■ Requirement ■
Print this span of the material below exactly: the line with "Krokus aan de", the line with "Sofa, 2-osobowa relaksująca", and every line between them, but nothing else.

################

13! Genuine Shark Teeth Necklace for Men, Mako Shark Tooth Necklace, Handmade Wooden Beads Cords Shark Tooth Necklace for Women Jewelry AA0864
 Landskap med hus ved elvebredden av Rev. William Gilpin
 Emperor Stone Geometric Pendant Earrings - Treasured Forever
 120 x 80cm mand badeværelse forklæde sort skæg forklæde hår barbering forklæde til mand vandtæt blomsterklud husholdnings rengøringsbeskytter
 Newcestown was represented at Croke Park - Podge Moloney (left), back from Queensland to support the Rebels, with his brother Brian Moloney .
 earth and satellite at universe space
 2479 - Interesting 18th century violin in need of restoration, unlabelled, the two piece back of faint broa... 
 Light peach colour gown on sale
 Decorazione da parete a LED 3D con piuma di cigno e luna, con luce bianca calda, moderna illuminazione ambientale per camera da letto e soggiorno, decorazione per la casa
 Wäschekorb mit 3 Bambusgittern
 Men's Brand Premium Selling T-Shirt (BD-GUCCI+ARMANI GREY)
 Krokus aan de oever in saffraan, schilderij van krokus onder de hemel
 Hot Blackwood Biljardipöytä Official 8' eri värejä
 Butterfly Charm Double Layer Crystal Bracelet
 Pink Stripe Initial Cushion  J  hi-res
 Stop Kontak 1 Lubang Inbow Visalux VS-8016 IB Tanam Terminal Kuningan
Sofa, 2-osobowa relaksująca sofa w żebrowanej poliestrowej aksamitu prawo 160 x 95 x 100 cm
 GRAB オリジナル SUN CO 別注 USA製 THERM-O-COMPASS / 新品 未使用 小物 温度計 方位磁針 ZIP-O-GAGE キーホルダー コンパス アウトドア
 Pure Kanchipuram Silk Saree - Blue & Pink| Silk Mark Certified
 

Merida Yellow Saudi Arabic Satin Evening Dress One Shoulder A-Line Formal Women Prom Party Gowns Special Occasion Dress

################

■ Finished task ■
 Krokus aan de oever in saffraan, schilderij van krokus onder de hemel
 Hot Blackwood Biljardipöytä Official 8' eri värejä
 Butterfly Charm Double Layer Crystal Bracelet
 Pink Stripe Initial Cushion  J  hi-res
 Stop Kontak 1 Lubang Inbow Visalux VS-8016 IB Tanam Terminal Kuningan
Sofa, 2-osobowa relaksująca sofa w żebrowanej poliestrowej aksamitu prawo 160 x 95 x 100 cm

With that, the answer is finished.